Location
- 8135 South Westnedge Avenue Portage, Michigan 49002 United States 42°11′53″N 85°35′21″W﻿ / ﻿42.19806°N 85.58917°W

Information
- School type: Public
- Founded: 1922 (As Portage Agricultural School)
- School district: Portage Public Schools
- Superintendent: Johnny Edwards
- Principal: Eric Alburtus
- Teaching staff: 67.10
- Grades: 9–12
- Enrollment: 1,391 (2024–2025)
- Student to teacher ratio: 20.73
- Area: Urban
- Team name: Mustangs
- Website: Portage Central website

= Portage Central High School =

High school in Portage, Kalamazoo County, Michigan

Portage Central High School (PCHS) is a high school in Portage, Michigan.

==History==
The high school has resided in 3 separate building over its history.

===History 1922-1949===
The building of the original high school building was completed in 1922 as Portage Agricultural School. This building was in use through 1949, and was used for a long period of time as the Portage Public Schools (PPS) administration building. In August 2014, it was demolished.

===History 1949-2011===
A new school was constructed during the 1940s and began use in 1949 as Portage Township High School. In 1963, the name was changed to Portage High School when Portage became a city. In 1966 the building became too small with approximately 1,500 students, and the school split into two schools, Portage Central High School and Portage Northern High School. In January 1998 Portage Central High School, along with Portage Northern High School, became an official International Baccalaureate (IB) World School, governed by the International Baccalaureate Organization.

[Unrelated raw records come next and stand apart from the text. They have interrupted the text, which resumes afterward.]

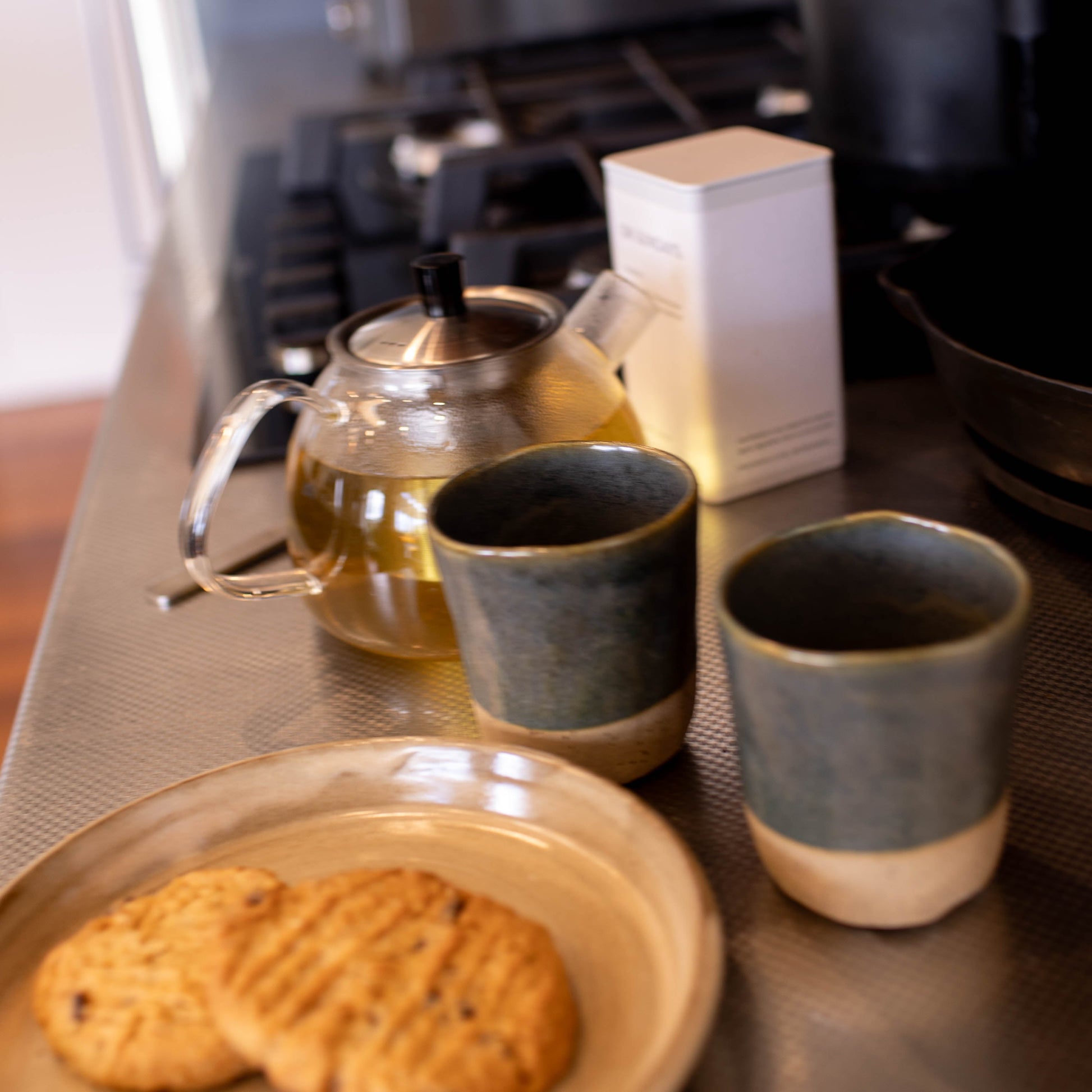 Tea set with teapot, cups, and cookies on a kitchen counter.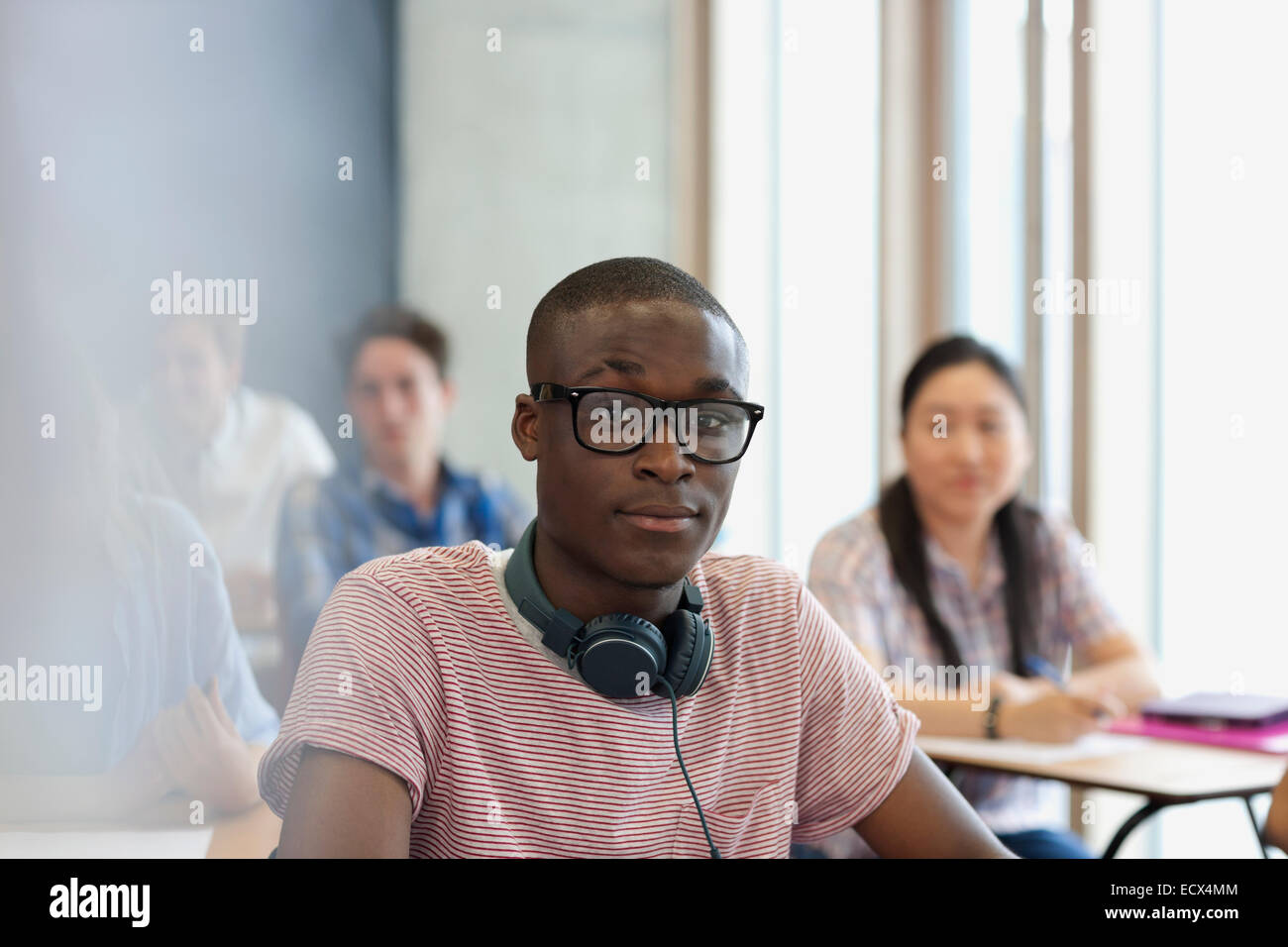 Männliche Studenten mit Brille und Kopfhörer um Hals, Blick in die Kamera während der Vorlesung Stockfoto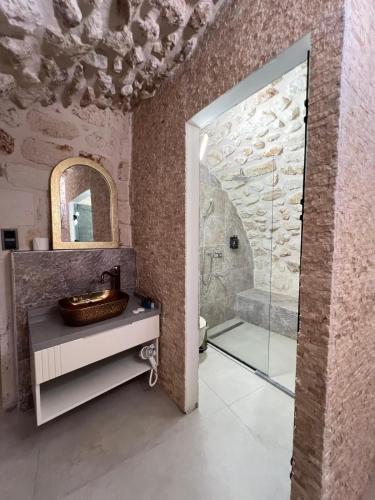 a bathroom with a shower and a sink and a mirror at Konak Zenobia in Midyat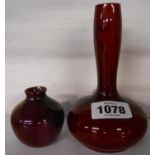 Two pieces of early 20th Century Bernard Moore pottery comprising a bottle vase with flambe glaze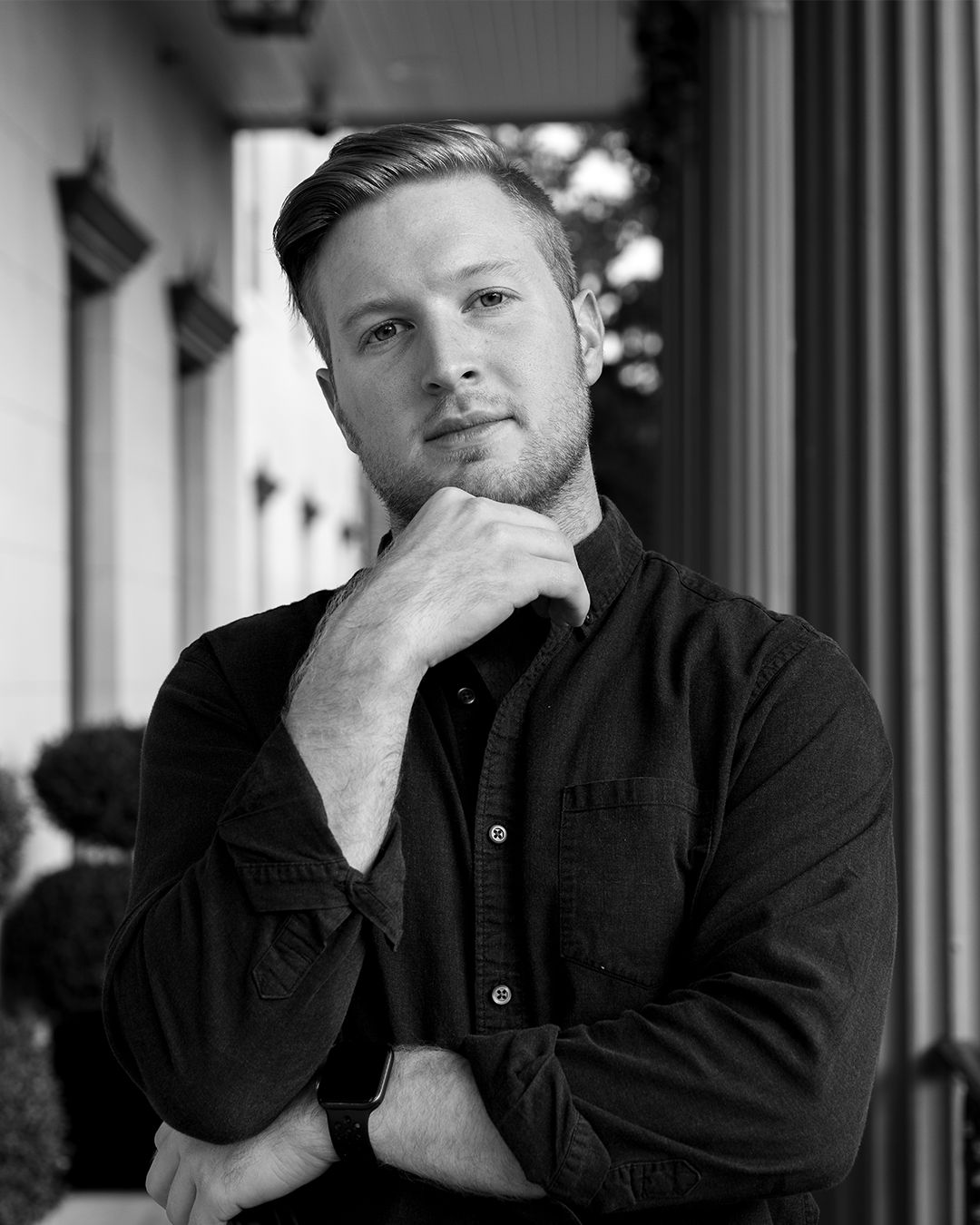 A black and white portrait of a young man with short, styled hair, wearing a dark shirt, standing outdoors next to a building with windows and a metal wall, with trees in the background. He is looking at the camera with a thoughtful expression, resting his chin on his hand.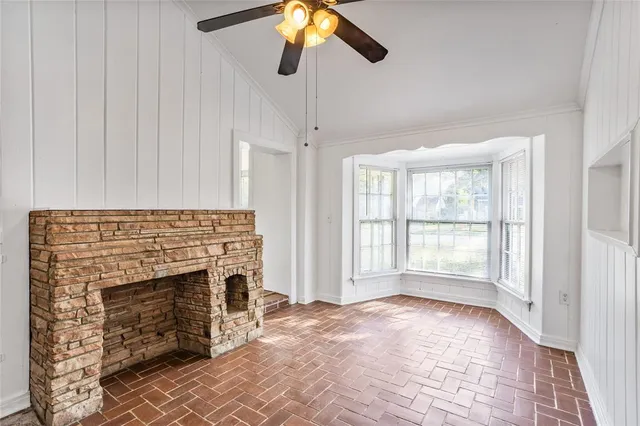 a view of an empty room with window and fire place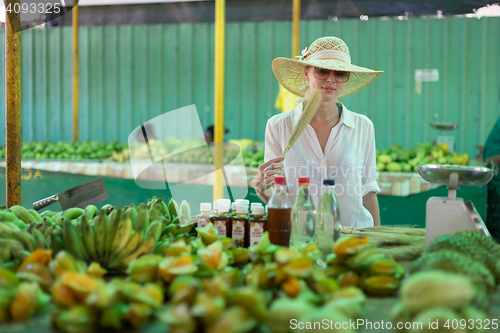 Image of Traveler shopping on traditional Victoria food market, Seychelles.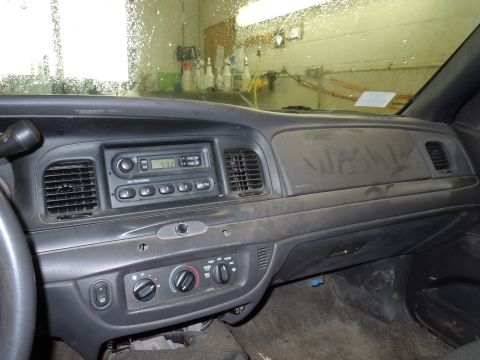 2001 Ford Crown Victoria - Interior view of a 2001 Ford Crown Victoria dashboard, showing the radio and climate controls.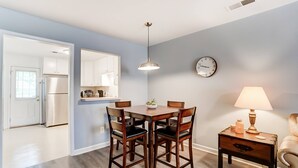 Un comedor con una mesa y sillas de madera, una lámpara colgante, un reloj en la pared y una lámpara en una mesita auxiliar.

===History 2011-Present===
In the summer of 2009, the school district began construction of a new building for the high school, adjacent to the old building. Part of the old building was torn down to make room for the new school, and the new school was built around the old auditorium. During construction, some shop classes were held in Portage Central Middle School. Music and social studies classes were held in the former Waylee Elementary. In the summer of 2011, the old high school was torn down. The grand opening of the new building was August 26, 2011, and it opened for classes on September 6, 2011.

==Notable alumni==
- Pete Metzelaars - football player for the Seattle Seahawks, Buffalo Bills, Carolina Panthers and Detroit Lions, NFL coach
- Mike Hart - former minor league manager and MLB player (Texas Rangers)
- Kirt Ojala - former MLB player (Florida Marlins)
- Lindsay Tarpley - soccer player, Olympic gold medalist
- Eric Alexander - professional soccer player for the New York Red Bulls
- Shannon Kane - actress in Madea's Big Happy Family (film), The Collection (film), and Hollywood Heights (TV series)
- Michael "Miles" Standish - businessman, author, rare coin expert

==Athletics==
Central High is a member of the SMAC (Southwestern Michigan Athletic Conference).